« Pas de risque avéré… » Et il
faudrait les croire ?
Circulez, il n’y a rien à
voir ! C’est ce que, depuis jeudi dernier, les autorités s’échignent à
répéter. Pas moins de quatre ministres sont allés à Rouen pour rassurer la
population. « Il n’y a pas de risque avéré pour la population », a
expliqué Castaner. « Les fumées ne sont pas toxiques », répètent les
autorités… tout en demandant aux habitants de rester chez eux, et aux
agriculteurs de suspendre leur récolte. « Il n’y a pas de danger grave et
immédiat pour les habitants », explique le maire, Yvon Robert, qui s’est
transformé en avocat bénévole de Lubrizol, expliquant que « cette
entreprise est toujours disponible pour améliorer la situation et n’a jamais
hésité à dépenser pour accroître la sécurité »…
Ah
bon ? Alors, pourquoi les écoles ont-elles été fermées pendant trois
jours ? Pourquoi la Seine est-elle polluée, l’air irrespirable, la suie partout,
avec des tâches noires jusque sur les bestiaux ? Pourquoi des champs
entiers sont-ils souillés ? Pourquoi des centaines de personnes ont-elles
été malades et sont confinées, ou ont dû quitter leur logement, en raison de
problèmes respiratoires ? Quelle quantité d’amiante a brûlé dans
l’incendie ?
Lubrizol,
un pollueur béni par les autorités
L’usine Lubrizol appartient à un
groupe américain, propriété du multimilliardaire Warren Buffet. Elle produit
des additifs pour les huiles et les carburants. Si l’incendie n’a fait aucune
victime directe, des centaines de personnes ont été incommodées par les odeurs
pénétrantes de ce feu d’hydrocarbure, dont la composition réelle n’a pas été
révélée.
En 2013,
cette usine a été à l’origine d’un accident qui s’est soldé par l’émission d’un
nuage de gaz malodorant qui avait été senti jusqu’en région parisienne et au
sud de l’Angleterre. Quelle sanction Lubrizol a-t-elle reçu pour cette
pollution de grande ampleur ? 4000 euros d’amende pour négligence… Une
sanction aussi dérisoire, c’est comme une incitation à la récidive. Un voleur
de scooter pourrait être plus lourdement condamné. Oh, quand il s’agit de faire
la morale aux travailleurs sur les « petits gestes qui sauvent la
planète », nos ministres sont intarissables. Mais quand un industriel
menace d’empoisonner toute une région, cela se limite à une remontrance !

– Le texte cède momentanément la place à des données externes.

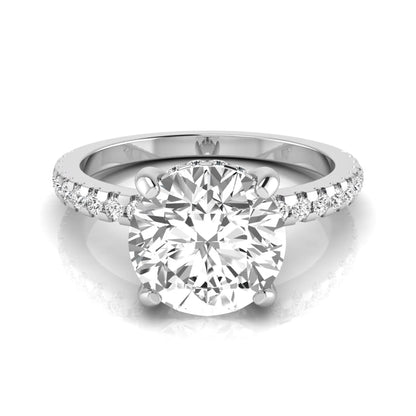 Round cut lab grown diamond engagement ring featuring a hidden halo, pavé accent side diamonds, and a four-prong setting in a white gold tone with an IGI certified 1.28 carat center diamond.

En 2015, Lubrizol avait déversé plusieurs milliers de litres d’huiles dans le
réseau d’évacuation des eaux pluviales. En janvier 2019, cette usine, située à 3
km du centre-ville, a même obtenu une autorisation d’extension de ses
activités ! En réalité, dans cette affaire, les autorités sont entièrement
complices de ce pollueur.
Le profit
roi, qui menace nos vies
Quel que soit l’enchaînement qui
a causé l’incendie, la population rouennaise est exposée à des risques
insensés. Et encore est-ce grâce aux ouvriers de l’usine que les stocks de
pentasulfure, avec du phosphore, ont été évacués pendant l’incendie.
En raison
de la nature des produits manipulés et de la quantité stockée, Lubrizol est une
usine dangereuse. Comme 13 autre usines de l’agglomération rouennaise, elle est
classée Seveso « seuil haut », du nom de cette catastrophe qui, en
1976, contamina 350 hectares à la dioxine et obligea à abattre des dizaines de
milliers de bêtes. En 2001, l’explosion de l’usine AZF à Toulouse avait fait 31
morts et 2500 blessés, et elle avait dévasté un quartier. Il y a en France 705
sites Seveso « seuil haut », donc 705 AZF en puissance.
Notre
société utilise certes la chimie, la pétrochimie et même l’énergie nucléaire.
Mais il n’y a aucune raison pour que ces activités dangereuses soient soumises
à la loi du profit. Il n’y a aucune raison pour qu’elles soient menées à l’abri
des regards. En raison du secret industriel et commercial, la population n’a
aucun contrôle sur ces usines. Des usines qui sont autant de poudrières, et que
l’irresponsabilité capitaliste menace à tout instant de faire sauter.